Ron and Julie Wells divorced about a decade ago, after Ron Wells began one of his greatest fetes: the unraveling of the legal mess that had embroiled the Ridpath Hotel.

Felony charges

Just as Ron Wells, Paul Mann and others were nearing the yearslong battle to convert the hotel into apartments, Ron Wells ended up in federal court.

In 2018, Ron Wells and 21 other defendants were indicted for staging a “series of automobile, boating, stair fall, pedestrian/vehicle and other accidents” in Washington, Idaho, Nevada and California from 2013 to 2018, according to court documents.

In total, the group was alleged to have defrauded insurance companies of more than $6 million. Ron Wells was sentenced for nine felonies for staging car accidents and money laundering.

Just months after Ron Wells pleaded guilty in 2019, he nearly died.

After undergoing bariatric surgery in August 2019, he suffered a ruptured colon and went into a coma. He then had to learn how to walk again, which he did into court in 2020 when U.S. District Court Judge Thomas Rice sentenced him to a year of home detention.

In April 2023, after serving his sentence, Ron Wells granted an interview about how proud he was of Mann and how the Ridpath had finally achieved full occupancy.
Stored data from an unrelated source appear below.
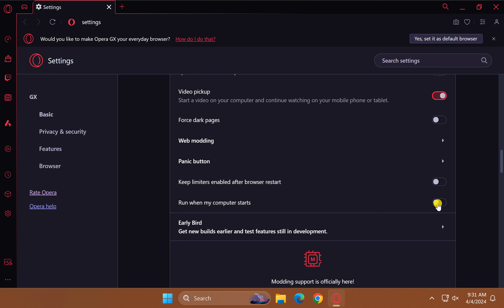From now onwards, when you start your Windows PC, the Opera GX browser will not load automatically.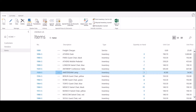As an example, let's look at item 1928-S, the Amsterdam lamp. Here you can see that I currently have three of these lamps on hand.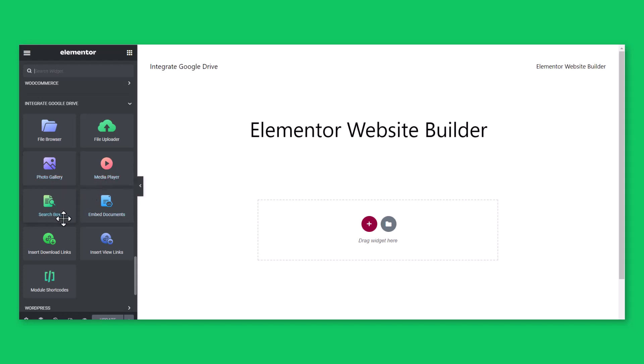File Search module to insert file search box, Embed Documents module to embed documents in any page or post.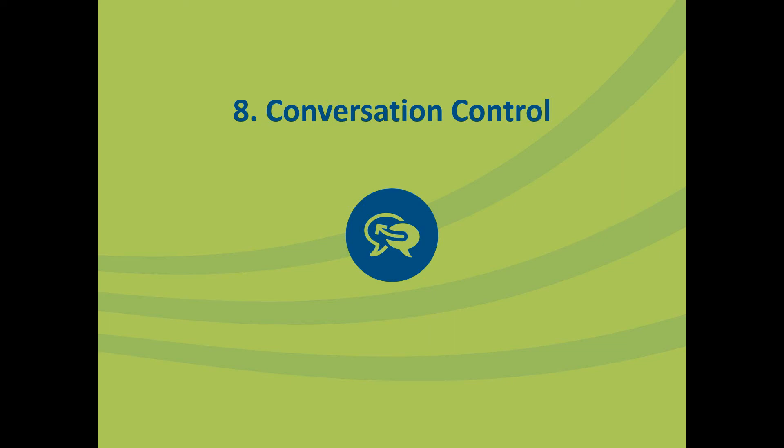With human conversations, they tend to be fast-paced, go off in different directions, and that's part of what's enjoyable about them. But when you're not using verbal communication, you're using AAC, this can pose certain challenges.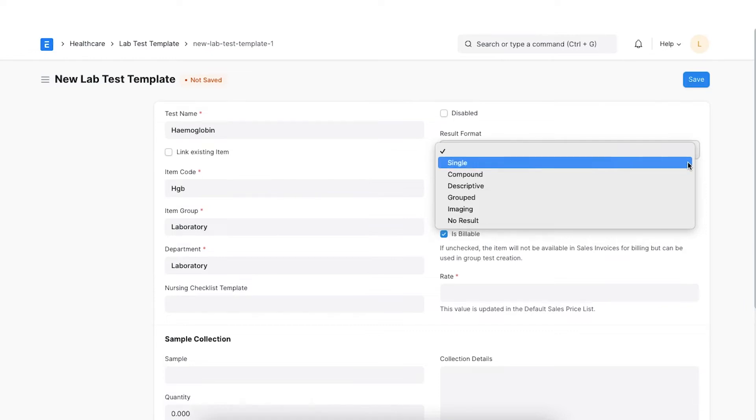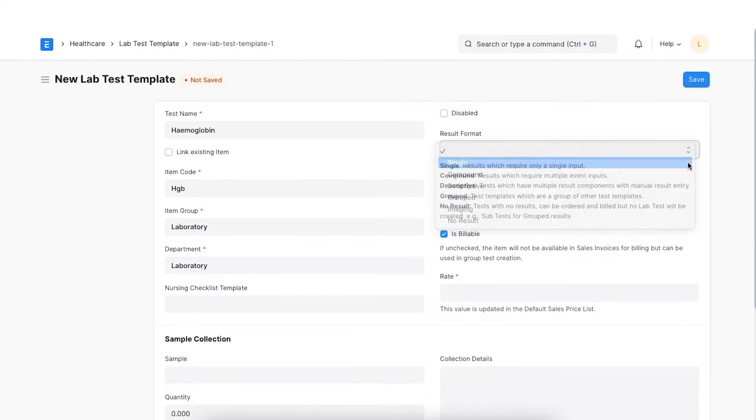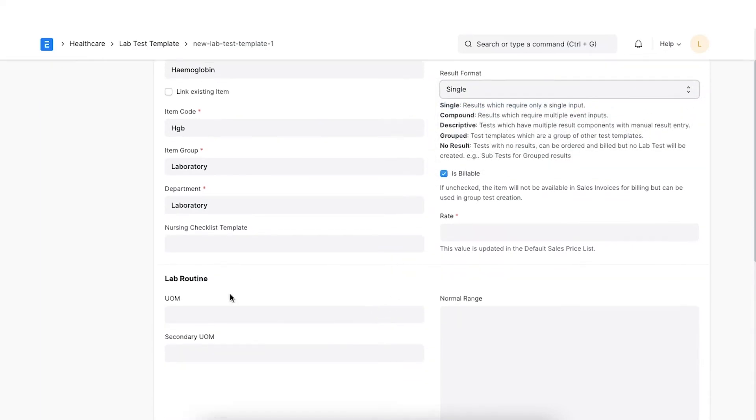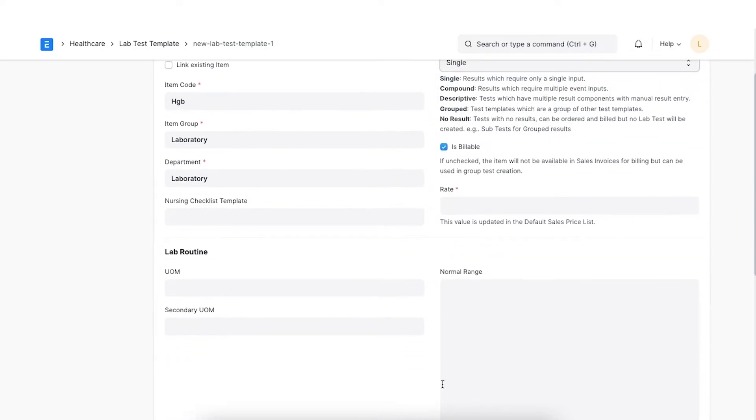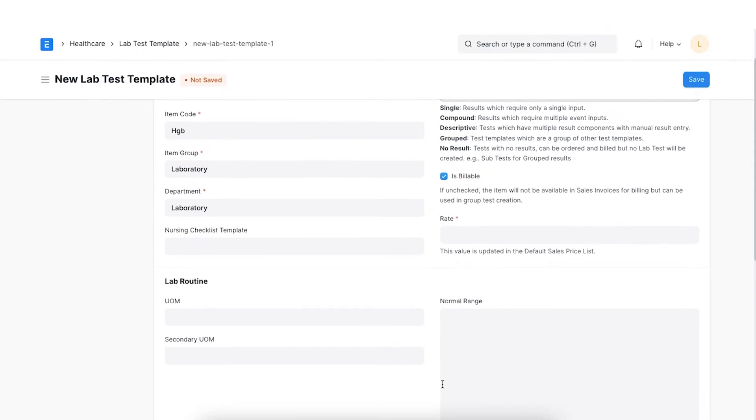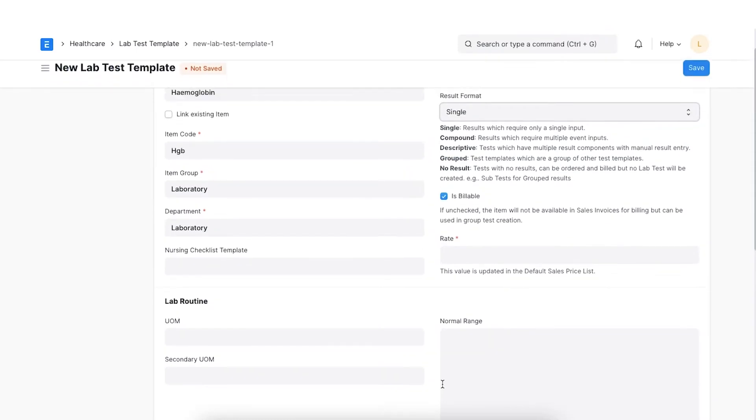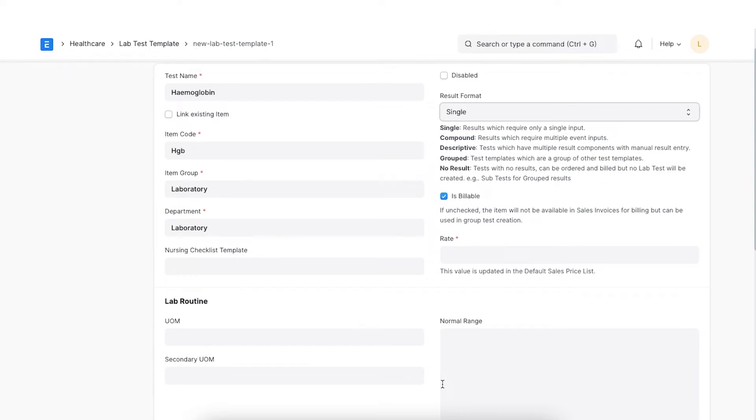Single. In this type of lab test, only one result value is interpreted. After filling up the details specified in the first step, the UOM, the secondary UOM and normal range needs to be set. For example, the hemoglobin test is often used to check for anemia, usually along with a hematocrit or as part of a complete blood count, i.e. CBC.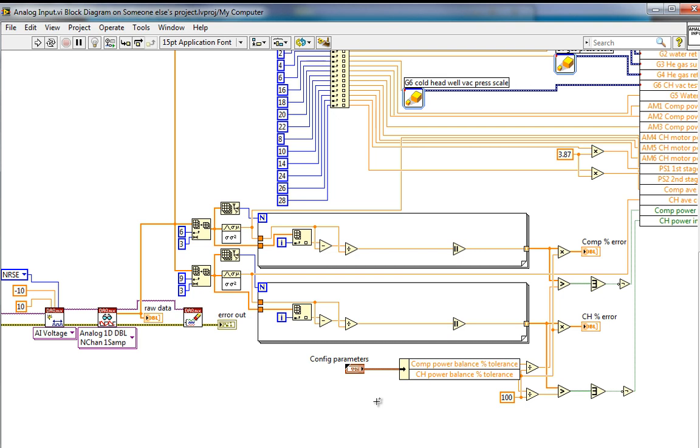Now that may be what you want, but in some cases it's helpful to have a broken wire because it points you to a place where you as the developer should show some attention, maybe by providing a new input to a VI. But let's see how this new feature works.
“I had a period there where I was really not able to function,” Ron Wells said. “I could never retire from this. I’m looking for another project.”

But he filed for Chapter 13 federal bankruptcy in August 2023, declaring assets of about $3.1 million and liabilities of between $1 and $10 million, including an unspecified amount to the Internal Revenue Service.

Aaron Taylor, 40, who said he has been Ron Wells’ caregiver and best friend since 2017, said he was not sure why he filed for bankruptcy.

Despite his health problems in 2019, the innovative developer had been improving. Taylor said he left Ron Wells napping on Sunday evening, when he apparently died in his sleep.

Taylor said he discovered him Monday morning.

On Wednesday, Taylor traveled to downtown Spokane for lunch.

“I could feel him everywhere,” Taylor said, “because his touch is on every building that is significant in downtown.

“Everything he put his mind to and his passion to, he did so with a vigor that most people wouldn’t even understand,” Taylor said. “He was a force of nature. He did things and lived his life to the fullest.”